Dans le modèle présenté à la figure 1, ceci correspondrait à altérer le fonctionnement des deux voies de gauche.
Dans le cadre d’une telle interprétation, la production des mots réels ne serait pas déficitaire car ils accèdent au BPS via le système sémantique et le lexique phonologique de sortie, ce qui n’est pas possible pour les non-mots. Dans cette hypothèse de dysconnexion, il n’est bien entendu pas nécessaire de postuler une voie particulière qui contournerait le BPS lorsque des mots sont produits.

Bub, Black, Howell & Kertesz (1987) ont étudié un patient similaire à IGR, MV (celui-ci présentait une agraphie tellement massive que ses performances en écriture n’ont pas été étudiées). On notera qu’à partir de trois syllabes, MV commence aussi à commettre des erreurs en répétition de mots.
Les auteurs proposent cependant que l’avantage des mots sur leslogatomes en cas d’altération des capacités du BPS (ou en cas de perte trop rapide des informations au sein du BPS) est en réalité dû au fait que les candidats potentiels à ce niveau sont des morphèmes (pas des mots entiers). Des mécanismes de haut niveau sélectionneraient (sur base des informations disponibles) le meilleur candidat possible, à savoir, dans la mesure du possible, un mot. Ceci suffirait à conférer un avantage certain aux mots et il ne serait donc pas nécessaire de postuler l’existence d’une voie directe (qui éviterait le BPS) pour les mots.
Notons pourtant qu’à elle seule, cette interprétation ne pourrait pas rendre compte d’une TOTALE préservation des mots par rapport aux non-mots. Nous reviendrons sur ce point plus loin.
Caramazza et al. (1986), de même que Bub et al. (1987), ont par ailleurs cherché à démontrer que les difficultés spécifiquement observées lors de la production des logatomes n’étaient pas dues à un trouble acoustico-phonologique ou encore à un déficit des capacités méta-phonologiques.
Cette démonstration a cependant été particulièrement bien établie par Bisiacchi, Cipolotti & Denes (1989). Ces derniers étudient les capacités de traitements phonologiques chez un patient,
RR, qui, comme IGR, présente des troubles (assez) sélectifs de la lecture, de l’écriture et de la répétition des non-mots. On notera au passage que, contrairement à IGR, ses performances en lecture de logatomes sont moins bonnes (37 % d’erreurs) qu’en répétition (13 % d’erreurs). En écriture de logatomes, il commet 60 % d’erreurs.

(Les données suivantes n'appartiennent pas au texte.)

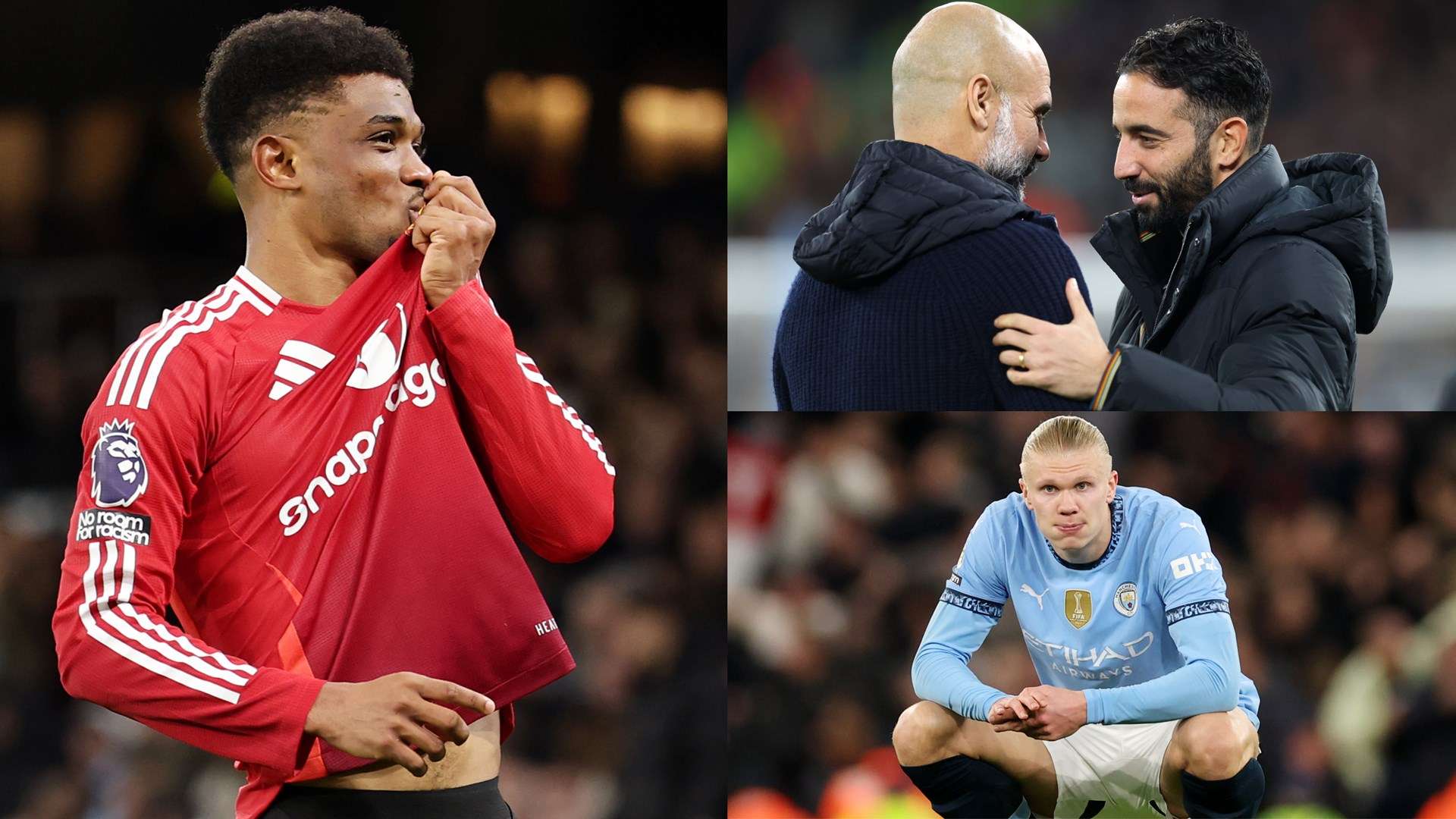 孙兴慜超越洛里，成为热刺队史出场次数最多的球员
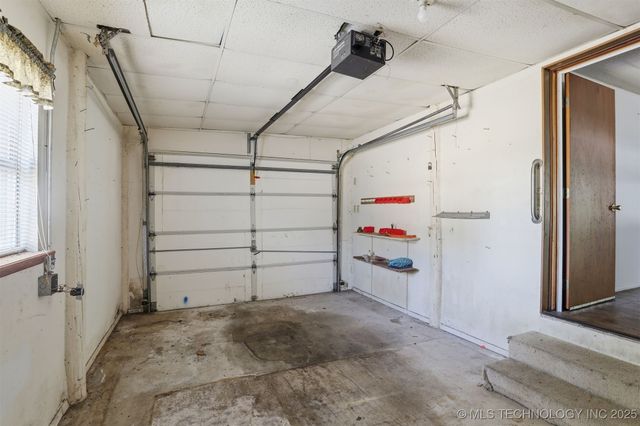 75 Perch, Mead, OK 73449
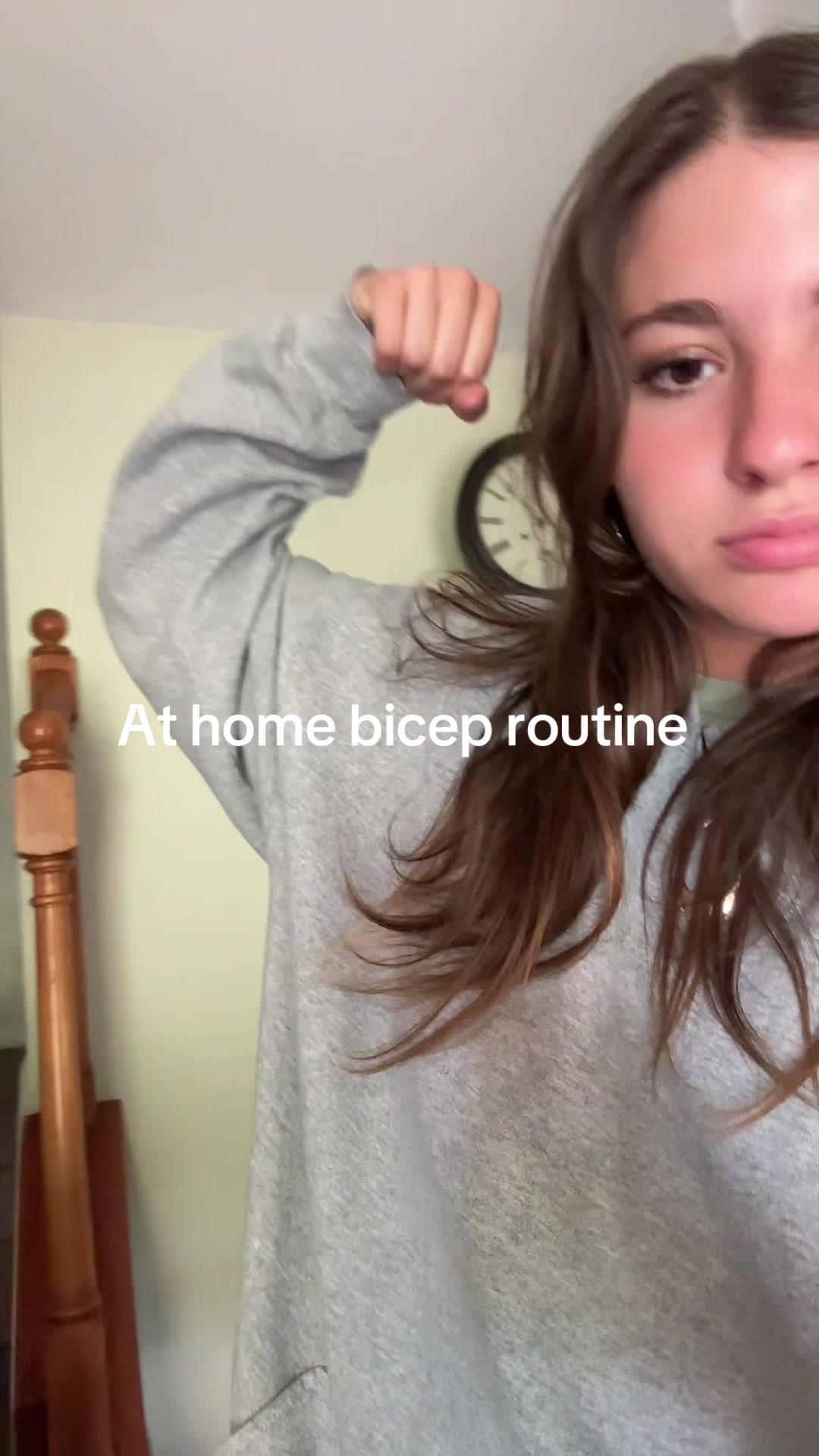 @frankiesfreakquency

Les auteurs ne proposent pas d’explication à cette particularité.
Comme IGR et MV, il souffre aussi d’un important déficit de la mémoire auditivo-verbale à court terme (empan de chiffres limité à 3 à l’endroit et à l’envers). Sa compréhension n’était altérée que pour les phrases longues et complexes, ce qui est en accord avec l’idée selon laquelle un déficit de la mémoire de travail verbale conduit à des difficultés de compréhension grammaticale. Il pouvait répéter de courtes phrases mais on notait des omissions avec les énoncés plus longs.

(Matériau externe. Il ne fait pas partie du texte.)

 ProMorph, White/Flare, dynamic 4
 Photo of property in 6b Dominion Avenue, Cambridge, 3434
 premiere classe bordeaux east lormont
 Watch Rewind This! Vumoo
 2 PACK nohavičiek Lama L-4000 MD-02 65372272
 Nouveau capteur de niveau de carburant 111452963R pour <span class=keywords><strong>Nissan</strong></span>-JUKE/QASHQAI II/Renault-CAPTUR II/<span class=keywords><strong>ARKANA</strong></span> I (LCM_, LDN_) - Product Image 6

L’intérêt de l’étude de ce cas est qu’elle démontre qu’un patient peut avoir un trouble de la mémoire phonologique sans la moindre difficulté à identifier, à discriminer et à manipuler les informations phonologiques. En effet, RR réussit parfaitement les tâches de discrimination auditive de paires minimales, les tâches d’échange de phonèmes initiaux entre paires de mots ouïs (ex : Sandra Pertini doit être transformé en Pandra Sertini), les tâches de comptage de phonèmes à partir de mots et de logatomes entendus, les tâches de segmentation de mots écrits ou entendus.